• _Work required_: Each line of the data below either holds "Hotel" or does not. Report how many do, and only that.

START Stored data

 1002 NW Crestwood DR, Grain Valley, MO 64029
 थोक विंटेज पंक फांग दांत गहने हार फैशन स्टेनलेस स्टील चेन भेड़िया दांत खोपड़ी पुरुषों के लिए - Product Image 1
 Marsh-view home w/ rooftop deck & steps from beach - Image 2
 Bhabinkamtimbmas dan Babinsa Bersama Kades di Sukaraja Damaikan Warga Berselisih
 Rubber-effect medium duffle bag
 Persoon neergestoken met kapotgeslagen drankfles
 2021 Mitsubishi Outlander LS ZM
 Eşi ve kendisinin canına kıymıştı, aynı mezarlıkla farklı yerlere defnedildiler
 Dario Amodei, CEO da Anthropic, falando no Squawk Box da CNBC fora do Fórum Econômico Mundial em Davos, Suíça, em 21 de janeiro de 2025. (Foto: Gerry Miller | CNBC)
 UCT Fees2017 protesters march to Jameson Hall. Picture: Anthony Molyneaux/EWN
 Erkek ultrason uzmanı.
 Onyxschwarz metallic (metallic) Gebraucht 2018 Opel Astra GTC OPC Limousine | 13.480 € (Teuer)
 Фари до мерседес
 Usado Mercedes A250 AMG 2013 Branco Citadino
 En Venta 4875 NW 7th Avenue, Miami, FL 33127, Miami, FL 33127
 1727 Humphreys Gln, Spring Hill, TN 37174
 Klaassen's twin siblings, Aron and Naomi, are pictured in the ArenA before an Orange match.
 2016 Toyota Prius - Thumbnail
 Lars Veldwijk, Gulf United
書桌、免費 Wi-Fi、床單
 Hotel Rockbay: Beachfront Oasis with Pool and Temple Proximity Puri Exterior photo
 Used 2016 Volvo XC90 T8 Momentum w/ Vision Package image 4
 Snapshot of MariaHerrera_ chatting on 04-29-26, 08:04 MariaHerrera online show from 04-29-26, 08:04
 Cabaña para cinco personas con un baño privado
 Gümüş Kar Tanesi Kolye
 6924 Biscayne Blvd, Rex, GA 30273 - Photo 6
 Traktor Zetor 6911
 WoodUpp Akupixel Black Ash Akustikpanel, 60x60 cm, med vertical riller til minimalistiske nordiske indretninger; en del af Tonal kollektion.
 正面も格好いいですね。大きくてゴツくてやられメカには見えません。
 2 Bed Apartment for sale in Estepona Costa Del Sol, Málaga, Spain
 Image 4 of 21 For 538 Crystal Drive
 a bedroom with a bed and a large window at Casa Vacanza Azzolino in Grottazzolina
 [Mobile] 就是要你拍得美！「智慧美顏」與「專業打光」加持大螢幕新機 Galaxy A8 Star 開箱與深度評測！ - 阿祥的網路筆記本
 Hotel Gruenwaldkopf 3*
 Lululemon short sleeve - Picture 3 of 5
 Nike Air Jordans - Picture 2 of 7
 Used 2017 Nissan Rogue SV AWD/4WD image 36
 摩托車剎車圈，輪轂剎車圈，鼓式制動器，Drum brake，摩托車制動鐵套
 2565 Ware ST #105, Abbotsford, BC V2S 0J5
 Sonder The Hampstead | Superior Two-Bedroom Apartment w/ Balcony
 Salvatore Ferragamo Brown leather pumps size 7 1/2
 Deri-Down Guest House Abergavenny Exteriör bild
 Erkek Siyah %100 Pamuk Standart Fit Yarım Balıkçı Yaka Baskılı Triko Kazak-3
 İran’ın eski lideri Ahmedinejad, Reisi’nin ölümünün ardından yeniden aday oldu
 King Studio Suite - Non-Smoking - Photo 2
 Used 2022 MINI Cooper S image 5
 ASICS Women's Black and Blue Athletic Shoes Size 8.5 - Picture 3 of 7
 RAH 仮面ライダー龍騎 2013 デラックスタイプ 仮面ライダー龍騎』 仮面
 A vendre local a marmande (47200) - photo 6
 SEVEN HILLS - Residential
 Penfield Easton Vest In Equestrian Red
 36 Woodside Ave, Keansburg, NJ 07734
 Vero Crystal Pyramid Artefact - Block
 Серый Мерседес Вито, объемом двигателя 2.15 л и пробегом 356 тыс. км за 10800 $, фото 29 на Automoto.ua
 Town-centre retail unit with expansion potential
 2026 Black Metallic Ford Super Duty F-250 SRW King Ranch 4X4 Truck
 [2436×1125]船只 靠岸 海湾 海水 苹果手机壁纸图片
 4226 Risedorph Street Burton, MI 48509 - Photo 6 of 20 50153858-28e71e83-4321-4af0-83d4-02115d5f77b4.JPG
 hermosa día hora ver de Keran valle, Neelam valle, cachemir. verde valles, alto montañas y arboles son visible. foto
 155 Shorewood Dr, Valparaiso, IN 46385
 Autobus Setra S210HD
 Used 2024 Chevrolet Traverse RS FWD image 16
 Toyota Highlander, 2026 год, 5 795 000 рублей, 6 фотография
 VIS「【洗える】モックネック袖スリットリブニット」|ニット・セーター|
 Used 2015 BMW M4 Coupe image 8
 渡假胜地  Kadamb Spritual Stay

END Stored data

• _Answer space_: 2